To do: Repeat nothing but the lines below running from the one containing "8701 S Figueroa St #203 - Photo 2 of 13" to the one containing "Carsten Friis, yderst". Keep both end lines.

Dataset records: Begin

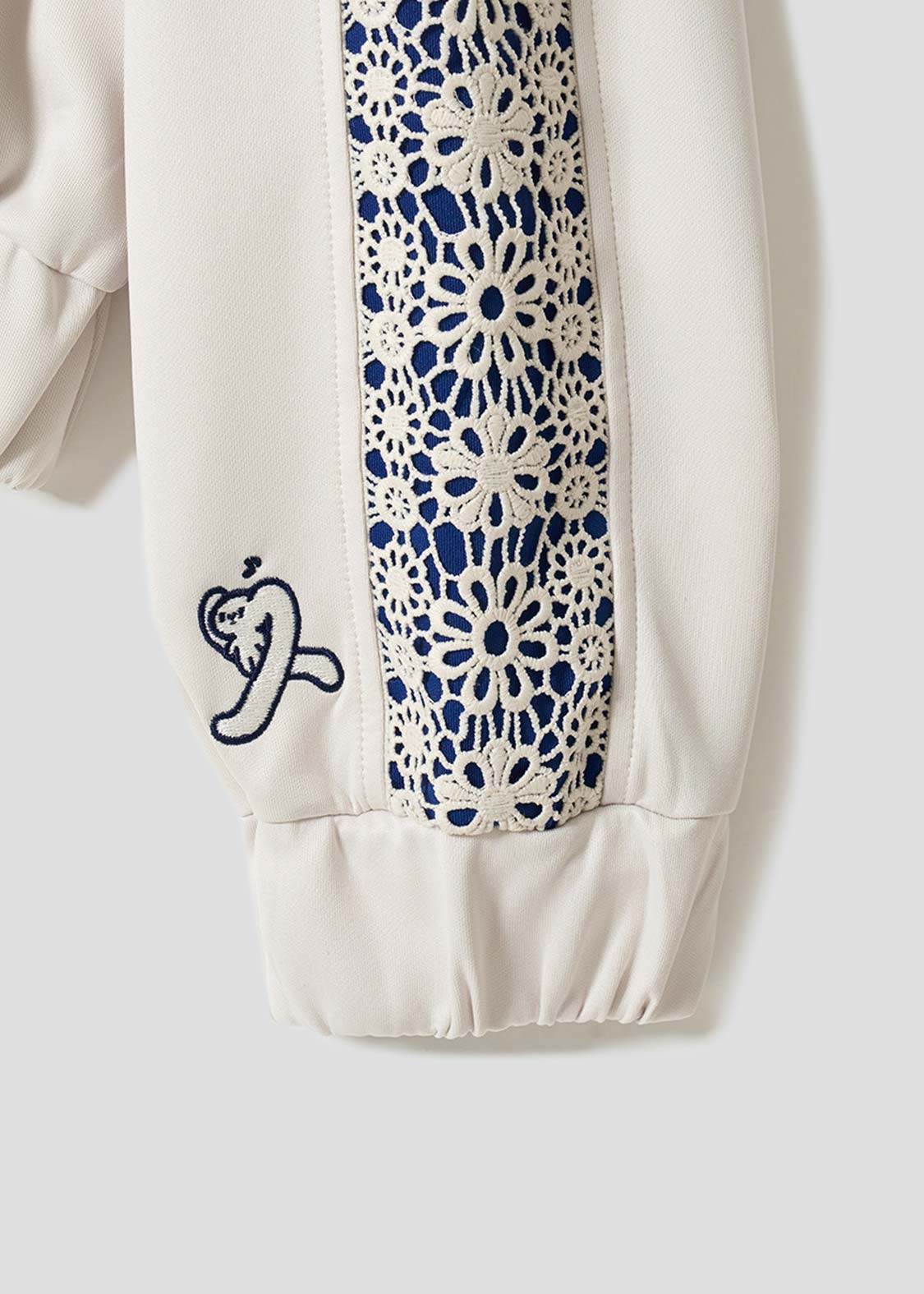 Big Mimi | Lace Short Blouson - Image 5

Dataset records: End
Dataset records: Begin

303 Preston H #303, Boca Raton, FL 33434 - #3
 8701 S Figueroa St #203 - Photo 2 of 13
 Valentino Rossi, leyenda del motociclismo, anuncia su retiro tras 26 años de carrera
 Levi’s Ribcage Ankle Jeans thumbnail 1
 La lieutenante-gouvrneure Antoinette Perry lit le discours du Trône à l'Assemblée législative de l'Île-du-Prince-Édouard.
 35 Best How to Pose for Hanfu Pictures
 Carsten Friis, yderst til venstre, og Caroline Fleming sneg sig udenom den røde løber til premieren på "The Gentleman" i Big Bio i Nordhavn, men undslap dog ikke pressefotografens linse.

Dataset records: End

Task solution:
 8701 S Figueroa St #203 - Photo 2 of 13
 Valentino Rossi, leyenda del motociclismo, anuncia su retiro tras 26 años de carrera
 Levi’s Ribcage Ankle Jeans thumbnail 1
 La lieutenante-gouvrneure Antoinette Perry lit le discours du Trône à l'Assemblée législative de l'Île-du-Prince-Édouard.
 35 Best How to Pose for Hanfu Pictures
 Carsten Friis, yderst til venstre, og Caroline Fleming sneg sig udenom den røde løber til premieren på "The Gentleman" i Big Bio i Nordhavn, men undslap dog ikke pressefotografens linse.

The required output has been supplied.